I think it's mean and just weird. Wonder what sort of issues the kid will have when he's older regarding water or showers?

I believe the state I live in is pretty clear on what they'll consider abuse... and as this doesn't leave a mark, I don't think they'd consider it abusive. As it's a family member, I might try talking to them... or sharing a book with them. Another option would be to invite them to attend a GD parenting seminar with you.

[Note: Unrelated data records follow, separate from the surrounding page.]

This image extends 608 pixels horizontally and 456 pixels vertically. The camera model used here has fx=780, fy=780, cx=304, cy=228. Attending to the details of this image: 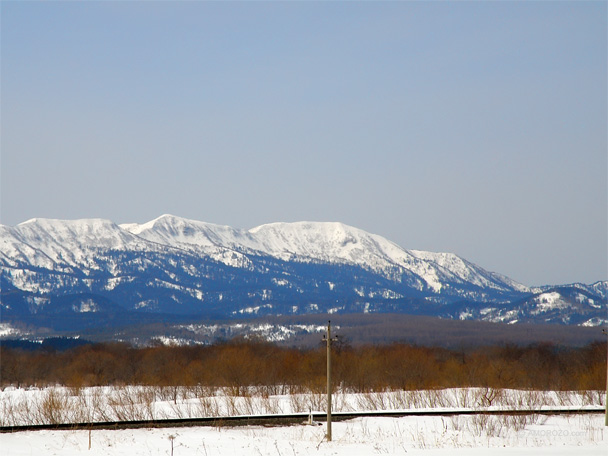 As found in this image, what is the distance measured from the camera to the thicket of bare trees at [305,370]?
103625mm

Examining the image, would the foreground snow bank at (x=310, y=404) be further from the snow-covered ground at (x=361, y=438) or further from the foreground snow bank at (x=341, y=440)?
the foreground snow bank at (x=341, y=440)

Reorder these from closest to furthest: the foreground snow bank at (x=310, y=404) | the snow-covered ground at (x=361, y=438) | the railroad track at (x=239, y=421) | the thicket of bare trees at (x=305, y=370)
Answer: the snow-covered ground at (x=361, y=438)
the railroad track at (x=239, y=421)
the foreground snow bank at (x=310, y=404)
the thicket of bare trees at (x=305, y=370)

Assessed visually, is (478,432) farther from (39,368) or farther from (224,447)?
(39,368)

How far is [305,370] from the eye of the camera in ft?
393

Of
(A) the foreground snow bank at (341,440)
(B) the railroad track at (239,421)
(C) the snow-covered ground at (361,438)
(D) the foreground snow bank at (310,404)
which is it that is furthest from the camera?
(D) the foreground snow bank at (310,404)

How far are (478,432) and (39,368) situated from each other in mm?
130613

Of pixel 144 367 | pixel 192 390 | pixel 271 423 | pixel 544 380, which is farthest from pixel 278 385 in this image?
pixel 271 423

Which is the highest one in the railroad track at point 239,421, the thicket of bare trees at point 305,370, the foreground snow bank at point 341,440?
the thicket of bare trees at point 305,370

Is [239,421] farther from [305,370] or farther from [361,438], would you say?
[305,370]

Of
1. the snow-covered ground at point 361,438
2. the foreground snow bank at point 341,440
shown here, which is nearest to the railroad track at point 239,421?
the snow-covered ground at point 361,438

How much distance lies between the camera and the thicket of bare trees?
104m

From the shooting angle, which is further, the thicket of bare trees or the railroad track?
the thicket of bare trees

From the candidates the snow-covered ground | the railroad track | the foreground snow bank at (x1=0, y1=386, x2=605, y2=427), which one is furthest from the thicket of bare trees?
the snow-covered ground

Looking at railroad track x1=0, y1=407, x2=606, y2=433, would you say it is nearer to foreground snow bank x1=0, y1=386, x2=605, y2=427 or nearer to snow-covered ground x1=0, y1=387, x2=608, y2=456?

One thing I've noticed is that some people really don't know what rules a child is developmentally able to follow... and to what regard (with reminders or not). If the child is a boy, I would recommend giving the Mom any of Michael Gurian's books. I have the book "The Good Son" and what I love about it is he'll tell you what is normal behavior based on age... and what rules they can and cannot reasonably follow.


----------



## Janelovesmax (Feb 17, 2006)

Oh My Gosh.







:


----------



## ggs (Aug 6, 2007)

Sounds abusive to me. That is horrible. 4 years old??







:


----------



## kkeris (Oct 15, 2005)

To a 4 yo child??? Yes, in my books that is abusive, horrible and incredibly unkind behaviour. I cannot imagine anyone doing that in the name of 'discipline'.







:














:


----------



## Genesis (Jan 8, 2007)

That IS abusive, and disgusting.







:

Poor baby.


----------



## ChrisR (Jun 21, 2007)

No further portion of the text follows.